Between all these different programming languages, quite often, we need some sort of data interchange format. There's many to choose from, ranging from something custom to something well known like XML. Using these formats, we can pass data from one segment of our application stack to another. Even when they use two different programming languages. Or to save some data, and load it back up later.

When it comes to these things, soft typed functional languages are generally easier to work with than hard typed. Soft typed languages are very good at building objects from data on the fly, thanks to their ability to not care much about what types they're looking at. Is it a number or a string? Doesn't matter to the soft typed language, as they store it all the same way.

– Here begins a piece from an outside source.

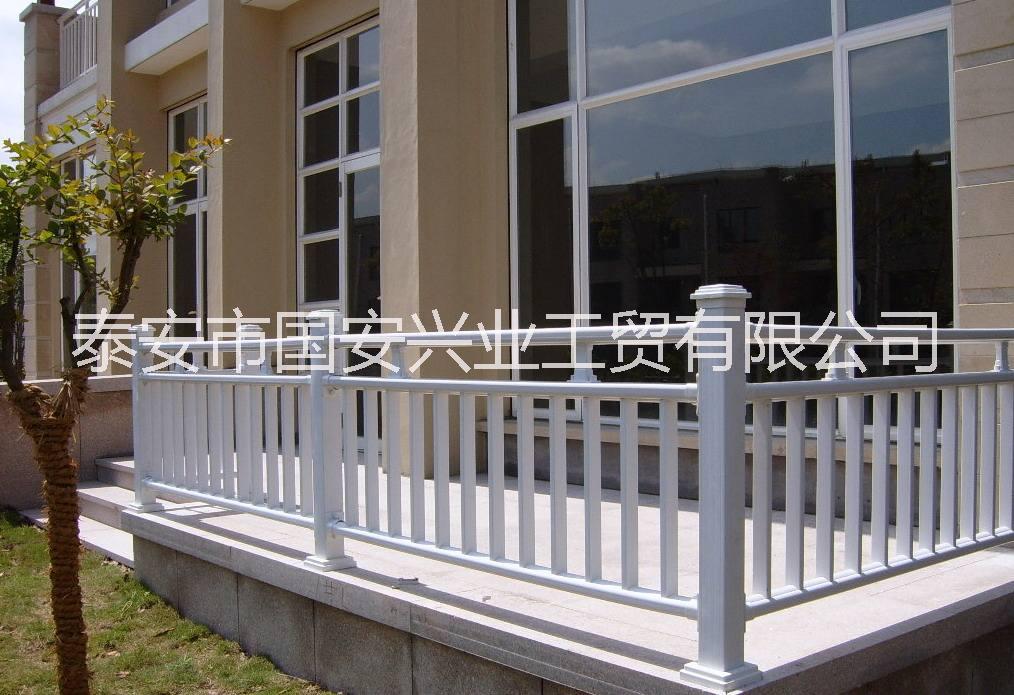 陽臺護欄圖片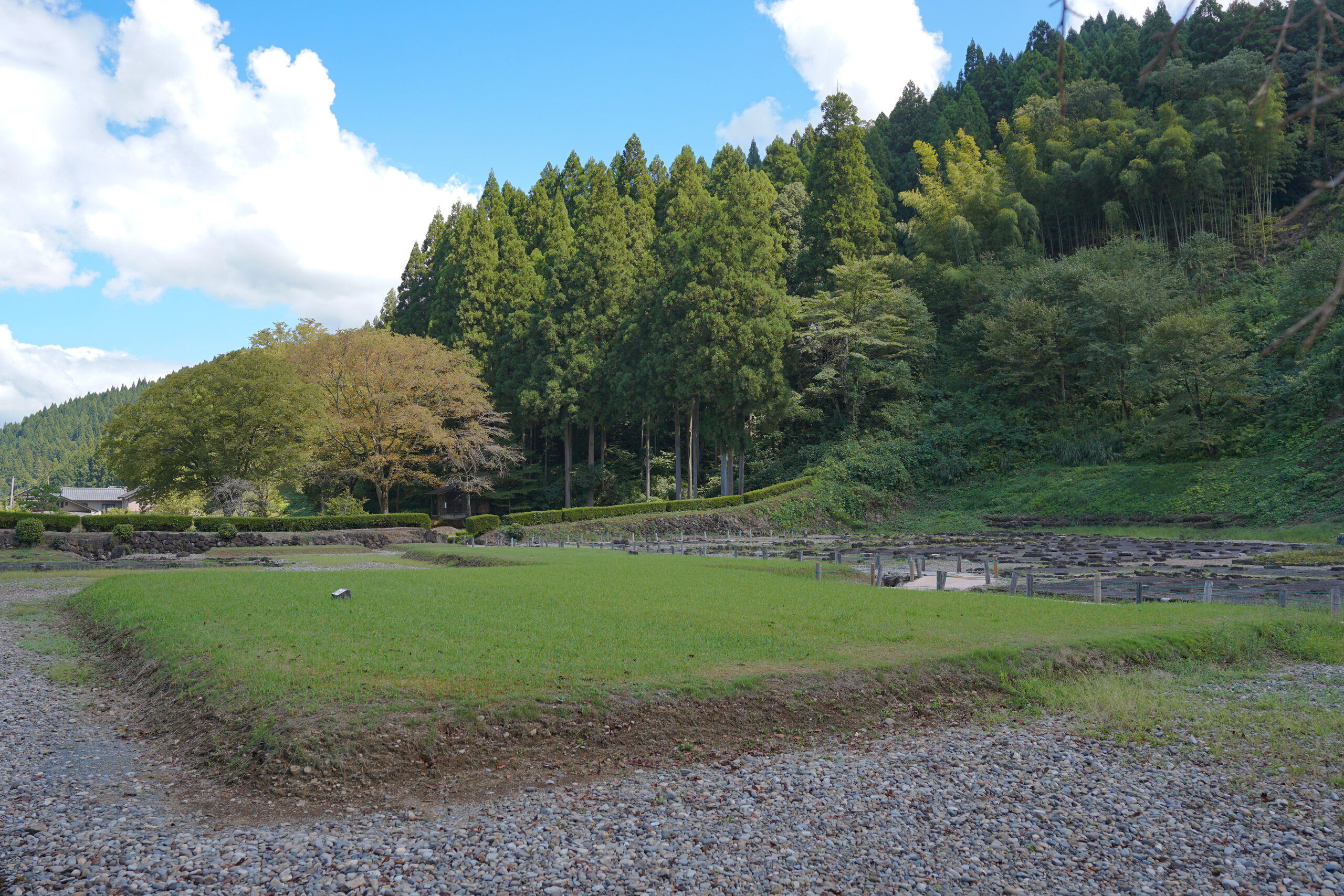 一乗谷朝倉氏遺跡の復原された戦国時代の町並み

When dealing with database access from hard typed languages, the popular method is to create some sort of catch all or convert to anything type. For some, terms like "QVariant" or "boost::any" are always on their lips. The intent of these and similar constructs is to ease things when dealing with data in an unknown type. Although such constructs generally require building a switch block which needs to check some enumeration method to figure out how to handle the data within the rest of the program. Such code is just downright annoying.

At work some time back, thanks to a lot of the new features C++-201x has been adding, we've been able to build a database access library which can handle data without any of these old kludges. Essentially, database access for us in C++ is now just as easy as it is in PHP (or perhaps even easier!).

Now database communication is great, but there's still the issue of data interchange between two programs, which aren't using a database as an intermediary. Many soft typed or functional languages can have a simple encode() or decode() function, pass it any object, and have a nice string representation of it which can be sent off, or saved to a file for later. C++ and related languages always had the nightmare of needing to iterate manually over every data type, or over a hierarchy to work with something like XML, or similar data formats.

There's those that have created workarounds of course. Such as adding a serialize() function for every type you have to work with individually. Or create some serializable objects that one copies data to or from, and which handle all the serialization work internally. Or one of my personal favorites, write a separate parser which can read a description of a format, and generate the C++ objects and code needed to serialize or deserialize it.

Well, today a coworker and I were putting our heads together on how to deal with a certain project. I wrote code some time back which can serialize/deserialize to and from an std::map which contains numbers, strings, or a mix thereof. We were using this data interchange format between two programs. However, now we need to deal with much more complex data, and a series of key pairs just won't cover it. One end of the equation is C++, the other end is a soft typed language which could pretty easily work with whatever we came up with.

We first thought about the option of using a classic method such as XML or JSON, and use some kind of hierarchical writer from C++, and have the soft typed language just read it directly into an object with one of its built in language features. Till my friend had a brilliant realization. The hierarchy of language containers and their children is recursive, as is any serialization that can encode an infinite amount of data stacked in a hierarchy. Then we started discussing if we could make a serialize() function in C++ which could take any C++ type and work, even when not knowing everything about it in advance. It'd be easy for plain old data types, but gets more complicated once we start dealing with containers of those, and containers of containers.

Of course this is where most conversations along these lines end. But then I brought up template meta programming, and some new features C++ is now adding (and already in GCC), and this discussion went on much further than usual, till the point we were talking code. Well, we got into it, and two hours and two hundred lines of code later, we now have a function with the following prototype:

template<typename T>
std::string serialize(const T &t);


It is able to take any type that exists in C++, and well, serialize it. Have some type which contains some types which contains a few more types which contains some other types? It's all serializeable with this function. No pre-processing, dynamic code generation, compiler hacks, or clumsy per program hierarchical parsing required. It just worksTM.

Now next week, we'll have to write the deserializer function to pull that magic in reverse. Using the same idea, it shouldn't be a problem. If the data matches the supplied structure, parse it in, otherwise, throw an error. But currently, our project is done, as we are now able to have our C++ applications send very complex data to our soft typed languages rather easily.

Looking over the code with my coworker, it all seems extremely obvious. Why the heck didn't we think of this 20 years ago? Now am I getting all excited over something that has been done before? Anyone familiar with anything like this?

Question is, what to do now that we know this? File for a patent? (Yes, I'm evil!) Or perhaps ignore this, as no one cares about this topic anyway?